Networking can also lead to cross promotion in the form of events–such as Faith’s release party for RAVEN CURSED which will be January 7th at the Booknack (mark your calendar folks) and I feel very honored to have been invited to sign as well. Also, projects like Faith and Catie’s joint novel EASY PICKINGS, act as treats for readers of both writers, but they also expose readers only familiar with one author to the other’s writing, and if they like it, they will like go try out more of that author’s work–that’s great cross-promotion.
This post is starting to run long (and late) so I’ll very quickly fly through just a couple more cross-promotion strategies.
Something I’ve found effective is to always carry bookmarks with me when I visit a bookstore. But I don’t leave them at the front desk–they are rarely picked up by people actually interested in your book (I was an assistant manager of a bookstore for a while and while some bookmarks were seriously looked at, most were taken–sometimes in multiples–by people who just wanted a place marker and would never dream of reading your genre let alone your book.) Here is the strategy I started using in my store when book marks came in, and that I now use with my own books: Instead of having the books waste away on the counter, ask if you can stuff the bookmarks in books. But don’t just stuff them in your own books, stuff them in the newest books by the authors in the “If you like” category. The reader who buys that book gets a free bookmark and, as your target audience, will likely pay at least a moments attention to the bookmark and possibly pick up the book the next time they are at the store.

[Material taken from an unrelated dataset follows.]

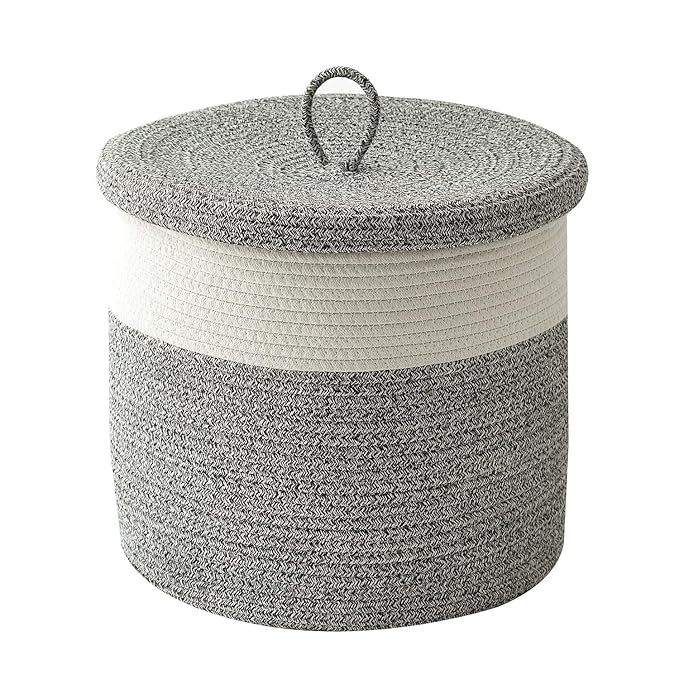 Tegance Woven Rope Basket with Lid - Cotton Rope Basket for Organizing, Large Laundry Baskets Ham... | Amazon (US)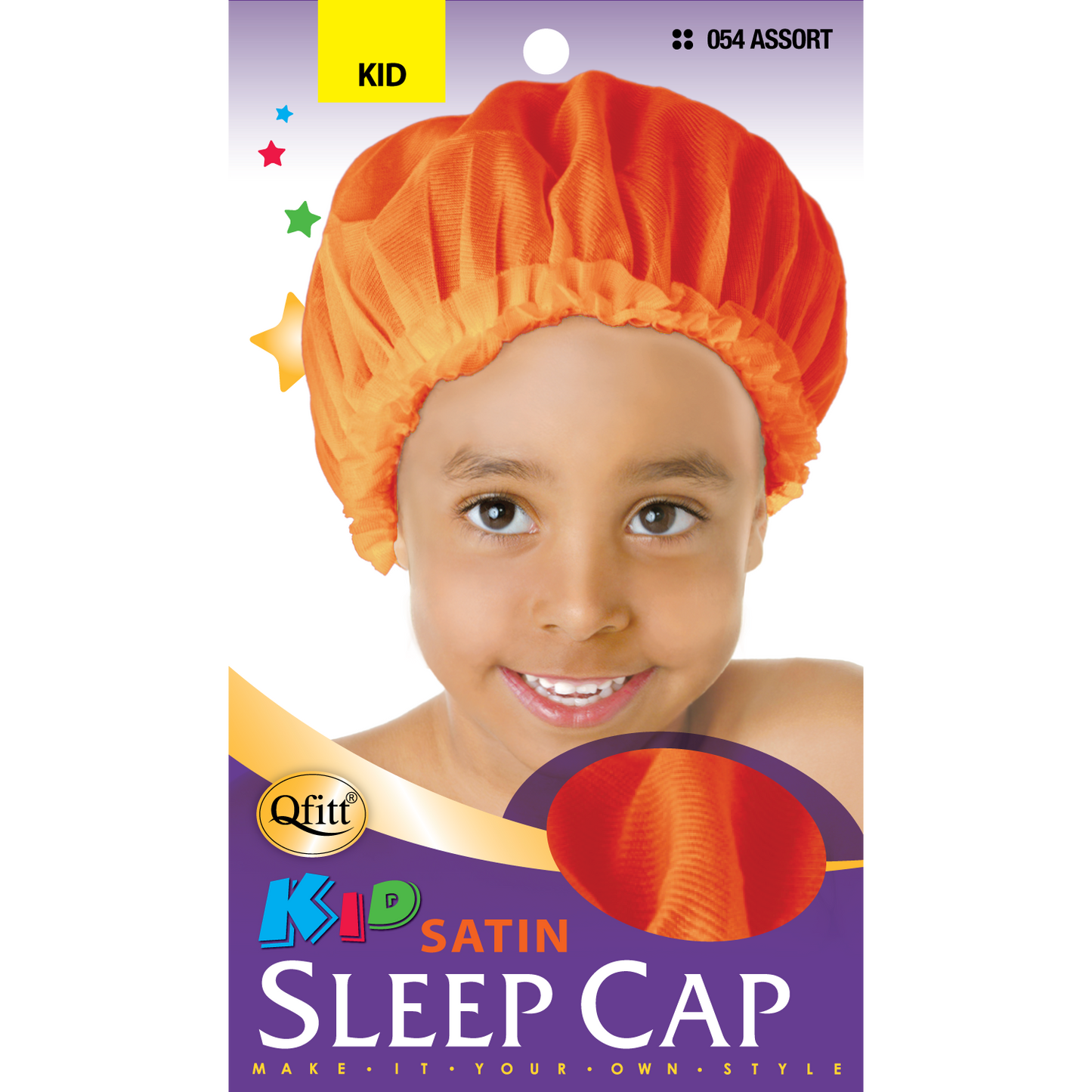 KIDS SATIN SLEEP CAP [ASSORT-12 PIECES SET]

Another way to garner readers through cross-promotion is to review books in your genre on amazon and B&N (but only if you’ve honestly read the book and truly LOVE it). Make the review thoughtful and informative to those who read it. Then sign it with your name and website. If your review was truly interesting, some people might check out who you are. (Note* authors writing reviews is a very controversial subject–particularly when it comes to bad reviews. I personally make a point not to review anything publicly, but I know other authors who’ve used this method of cross-promotion quite successfully.)
There are lots of ways to promote and cross-promote your novel and this is by far not an exhaustive list. What are some methods you’ve either used yourself in the past, or that you’ve seen that convinced you to try a book? And, a question I always love to ask: How do YOU discover new authors and what convinces you to try a book by an author you’ve never read before?
Okay, shutting up now and hitting post because this is late enough. Happy Thursday everyone!